Not a few scholars, including TeHEP Director, Steven Collins, believe that the textual evidence strongly supports a northern location in what is called the "Jordan Disk," the 25-kilometer diameter circle of the Jordan Valley immediately north of the Dead Sea. [For a detailed presentation of the northern view see S. Collins and L.C. Scott, Discovering the City of Sodom (Simon & Schuster/Howard Books, 2013).]
The eastern side of the Disk encompasses at least fourteen named archaeological sites (and numerous others), and many of them have Middle Bronze Age occupation (Tall Nimrin, Tall el-Hammam and Tall Kafrayn have confirmed MB2 fortified occupation). Tall el-Hammam is the largest of these. Therefore, it would be unthinkable to ignore the likelihood that Tall el-Hammam (as well as Tall Nimrin, with its MB2
destruction and ensuing 500-year occupational hiatus) may be Sodom and Admah, respectively. Sodom is likely the larger of the two, Tall el-Hammam.
Once aware of these connections, one cannot deny the level of interest that is generated in the light of these possibilities.
Many scholars have also identified Tall el-Hammam as Abel-Shittim ("mourning place of acacias"), the location of the Israelite encampment before they crossed the Jordan into Canaan. It is also a distinct possibility that Tall el-Hammam incorporates at least part of the Roman city of Livias (built by Herod Antipas), the government seat of Perea, frequented by John the Baptizer, and Jesus and his disciples.
If rigorous scholarship and responsible, objective archaeology confirm a link between Tall el-Hammam and Sodom (or between Tall Nimrin and Admah) or other possible biblical associations, then so be it. If the same approach suggests that some such connections are not warranted, then so be it. But we must not hide from the possibilities because of bias one way or the other. As A. J. Ayer's verification principle requires of any assertion, we must state clearly the criteria whereby any hypothesis can be verified and/or falsified, then follow the evidence wherever it leads. This is the strict method of science.

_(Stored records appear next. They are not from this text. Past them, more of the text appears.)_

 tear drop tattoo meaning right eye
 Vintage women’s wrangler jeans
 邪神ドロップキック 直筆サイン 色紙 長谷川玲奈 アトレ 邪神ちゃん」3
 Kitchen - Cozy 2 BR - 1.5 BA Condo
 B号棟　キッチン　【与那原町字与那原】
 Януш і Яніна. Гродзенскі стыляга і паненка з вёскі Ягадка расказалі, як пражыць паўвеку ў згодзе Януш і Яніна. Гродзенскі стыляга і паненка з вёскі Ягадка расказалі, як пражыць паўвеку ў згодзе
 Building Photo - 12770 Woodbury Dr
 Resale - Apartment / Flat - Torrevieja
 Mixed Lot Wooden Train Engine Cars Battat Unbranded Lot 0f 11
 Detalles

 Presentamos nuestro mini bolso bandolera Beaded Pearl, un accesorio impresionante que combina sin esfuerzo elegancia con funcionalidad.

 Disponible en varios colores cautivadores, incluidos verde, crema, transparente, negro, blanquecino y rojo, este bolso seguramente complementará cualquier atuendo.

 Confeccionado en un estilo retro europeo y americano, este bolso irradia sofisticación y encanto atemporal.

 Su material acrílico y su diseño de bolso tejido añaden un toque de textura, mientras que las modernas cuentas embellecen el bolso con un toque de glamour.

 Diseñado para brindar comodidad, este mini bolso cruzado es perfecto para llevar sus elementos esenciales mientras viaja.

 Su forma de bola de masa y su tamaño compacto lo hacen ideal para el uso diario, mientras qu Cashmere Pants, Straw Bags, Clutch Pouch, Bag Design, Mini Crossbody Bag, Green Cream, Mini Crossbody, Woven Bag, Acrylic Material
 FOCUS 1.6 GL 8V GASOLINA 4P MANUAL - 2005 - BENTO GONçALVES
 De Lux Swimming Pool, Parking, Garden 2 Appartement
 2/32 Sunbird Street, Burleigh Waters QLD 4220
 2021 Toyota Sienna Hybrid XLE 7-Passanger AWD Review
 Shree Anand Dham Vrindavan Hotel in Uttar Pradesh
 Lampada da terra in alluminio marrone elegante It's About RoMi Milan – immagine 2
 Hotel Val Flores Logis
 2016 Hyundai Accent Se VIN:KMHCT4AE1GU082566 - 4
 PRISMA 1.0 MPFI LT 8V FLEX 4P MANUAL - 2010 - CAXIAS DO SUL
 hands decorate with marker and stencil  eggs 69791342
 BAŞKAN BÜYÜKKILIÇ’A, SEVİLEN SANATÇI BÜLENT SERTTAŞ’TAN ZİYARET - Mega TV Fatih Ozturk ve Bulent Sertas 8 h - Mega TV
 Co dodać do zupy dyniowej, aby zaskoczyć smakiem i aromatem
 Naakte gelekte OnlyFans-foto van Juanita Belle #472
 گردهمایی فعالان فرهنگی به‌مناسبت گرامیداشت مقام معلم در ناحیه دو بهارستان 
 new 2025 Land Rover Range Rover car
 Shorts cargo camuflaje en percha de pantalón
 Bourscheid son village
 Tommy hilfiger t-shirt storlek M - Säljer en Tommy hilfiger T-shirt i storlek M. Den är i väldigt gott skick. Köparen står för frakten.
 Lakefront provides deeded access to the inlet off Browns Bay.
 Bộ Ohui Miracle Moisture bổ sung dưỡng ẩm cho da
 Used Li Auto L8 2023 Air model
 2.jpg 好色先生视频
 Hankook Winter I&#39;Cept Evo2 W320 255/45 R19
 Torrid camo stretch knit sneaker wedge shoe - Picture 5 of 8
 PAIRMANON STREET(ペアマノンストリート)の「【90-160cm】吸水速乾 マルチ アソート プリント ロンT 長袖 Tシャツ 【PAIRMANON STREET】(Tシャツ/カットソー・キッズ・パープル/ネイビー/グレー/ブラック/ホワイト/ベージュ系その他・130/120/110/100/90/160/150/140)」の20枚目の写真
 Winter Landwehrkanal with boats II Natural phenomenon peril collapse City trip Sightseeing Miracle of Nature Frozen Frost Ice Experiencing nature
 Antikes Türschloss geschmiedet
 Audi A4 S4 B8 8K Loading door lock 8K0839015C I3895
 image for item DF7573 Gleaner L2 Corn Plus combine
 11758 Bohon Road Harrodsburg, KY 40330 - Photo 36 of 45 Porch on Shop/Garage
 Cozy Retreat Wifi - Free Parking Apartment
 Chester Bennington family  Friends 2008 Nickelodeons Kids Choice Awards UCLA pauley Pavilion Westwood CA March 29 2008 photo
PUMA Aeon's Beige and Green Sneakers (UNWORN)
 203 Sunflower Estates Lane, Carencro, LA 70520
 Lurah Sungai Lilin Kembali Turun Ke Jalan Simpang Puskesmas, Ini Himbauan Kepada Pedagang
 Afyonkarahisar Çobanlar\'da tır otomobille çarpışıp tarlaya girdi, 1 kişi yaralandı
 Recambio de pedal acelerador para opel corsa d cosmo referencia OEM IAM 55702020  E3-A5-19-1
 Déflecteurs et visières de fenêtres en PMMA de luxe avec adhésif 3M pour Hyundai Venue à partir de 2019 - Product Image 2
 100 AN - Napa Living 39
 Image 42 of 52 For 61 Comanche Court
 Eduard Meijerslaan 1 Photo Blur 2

On the one hand, it is intellectually dishonest to dismiss the Bible as a site-selection parameter. There is no doubt that the Bible remains one of the best ancient geographical texts available to archaeologists and historians. And particular interest is generated in certain sites because of potential biblical connections. This is reality.
On the other hand, doing archaeology solely from a biblical perspective can mean missing the larger reality of Near Eastern cultural milieus. A biblical (hermeneutical) bias might possibly influence the interpretation of data which, ironically, could otherwise be used to illumine the biblical narrative itself. In all archaeological endeavors, what we must strive for is objectivity. Indeed, sites with no clear biblical connection are just as important for determining the history of the region. Archaeological importance should never be equated with biblical importance. A careful assessment of all evidential avenues is the only reasonable approach to archaeology.
With the importance of empirical investigation understood, the pragmatic perspective makes the probable link between biblical Sodom and Tall el-Hammam a significant factor. At any rate, we would be irresponsible not to investigate such potential connections.